Para tanto, ele reconta como foi uma das frentes da esquerda na luta contra a ditadura, nesse caso, em Vitória (ES), berço do pai Marcelo, e depois de Míriam – e mais de 40 anos depois, destino do próprio Matheus em busca da verdade. E esse é apenas um capítulo desse período perturbador, que muitos hoje pedem a volta ou o chamam de revolução – até porque esses não sentiram na pele o que foi o regime.
Em certos momentos, o autor chama seus pais pelos respectivos nomes, narrando suas ações. Para mim, isso representa uma tentativa de se afastar da história, tentar ser o mais “imparcial” possível, mas ainda assistir relatar o que seus pais viveram. Então há um diálogo interessante entre a história e o emocional, e a pessoalidade, se é que me entendem. E ainda assim foge do subjetivismo, porque há a história e os fatos.

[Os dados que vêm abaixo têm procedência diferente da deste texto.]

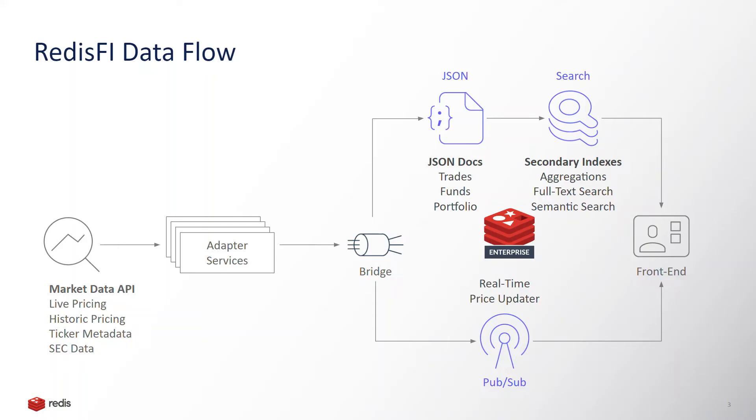Now let me explain how we built this leveraging real-time data and the different capabilities of Redis Enterprise. Starting on the left side of the diagram, this data is coming from several live sources and is being organized into a single data plane by the bridge component on top of Redis Enterprise. The different Redis capabilities are highlighted in blue there.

Há partes mais densas para ler e outras mais instigantes, com diálogos. Sendo um livro de memórias e sobre um assunto tão forte como a ditadura, principalmente todos os horrores dela, é de se imaginar que será uma leitura mais “devagar”. O que não é em nenhum ponto negativo. E essa é minha leitura. Para outras pessoas pode ser diferente. Mas há algo nesse livro que se aproxima muito de uma estrutura narrativa de um romance, e isso ajuda muito na leitura.
O autor consegue equilibrar muito bem ao contar a história do pai, contar a história da mãe e contar parte da história da ditadura, revelando nomes e protagonistas daquele tempo – como o tal delatador e militares que teriam participado da tortura dos pais. Aliás, acho que esse é o ponto principal da obra. É a busca de Matheus pela verdade, iniciando por Foedes, o delator, seguindo pelo capitão Guilherme e outros militares. Há diálogos emocionantes e reveladores, em ambos casos.

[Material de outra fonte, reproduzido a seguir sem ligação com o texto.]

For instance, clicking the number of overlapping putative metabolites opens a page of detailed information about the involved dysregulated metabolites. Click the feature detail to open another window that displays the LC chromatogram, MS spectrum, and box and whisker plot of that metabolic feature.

Aliás, eu me emocionei muito lendo essa obra. Em diversos momentos, senti certa angústia, conhecendo os fatos ao mesmo tempo que Matheus… e o que mais me marcou é que uma das partes mais emocionantes foi, justamente, a conversa do jornalista com um militar que estava lá na época que Míriam e Marcelo foram presos – e torturados. Esse trecho foi o mais sensível, na minha visão.
Outro ponto importante é que Matheus Leitão nos mostra um pouco do seu trabalho jornalístico, e também como era ser jornalista na época dos pais, aos 20 e tantos anos, a partir dos relatos de Míriam, principalmente. O trabalho da imprensa, que sofria censuras à todo instante. E consigo me colocar no lugar deles, confesso. Me vi lá, tendo sensações parecidas, tentando lidar com tudo isso. Espero não termos que lidar com isso novamente.

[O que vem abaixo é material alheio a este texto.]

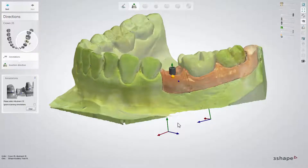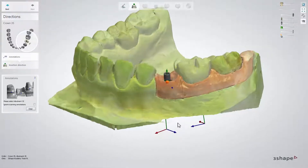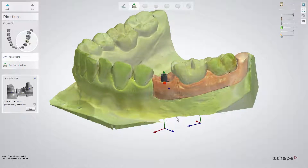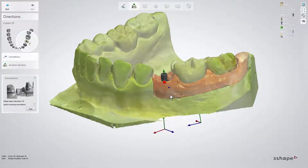When your scans are loaded, place annotations as instructed by the software. For implant cases, place annotations always on the buccal side on the verge of the gum. Then click Next.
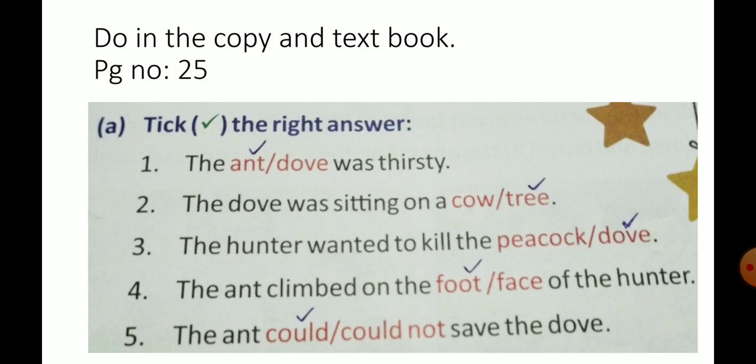The dove was sitting on a cow or tree? The dove was sitting on a tree. The hunter wanted to kill the peacock or dove? The hunter wanted to kill the dove.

Ou seja, ao passo que é uma obra que nos mostra apenas um capítulo da história, é uma aula de jornalismo investigativo, que resultou nesse livro. Há os relatos de tortura, física e psicológica, como agiam os militares na época, a volta às prisões, sem falar na “casa da morte”, cenário de crueldades inimagináveis. E há métodos jornalísticos que o levaram às suas descobertas – como o jornalista precisa agir, certos momentos, para chegar à verdade, ainda mais uma que é parte da vida dos seus pais.
Ao finalizar a leitura, me pego pensando no trecho de “Cálice”, que toca ao fundo: “Como é difícil acordar calado; Se na calada da noite eu me dano; Quero lançar um grito desumano; Que é uma maneira de ser escutado; Esse silêncio todo me atordoa; Atordoado eu permaneço atento; Na arquibancada pra a qualquer momento; Ver emergir o monstro da lagoa”. O que fica disso tudo, tomara, é a lição de que nenhum regime totalitário é saudável. E Matheus Leitão consegue deixar isso muito claro. Que seu livro seja exemplo, da busca pela verdade, mas também para nos lembrar do nosso passado sangrento.
Ficha técnica:
Em nome dos pais
Autor: Matheus Leitão
Editora: Intrínseca
Ano: 2017
448 páginas
Que belo texto. Também não conhecia o livro e, agora que conheci, fiquei com vontade de ler. Obrigada!
Poxa, muito obrigado. Que bom que gostou! Leia sim, eu indico, e me conte o que achou. Obrigado!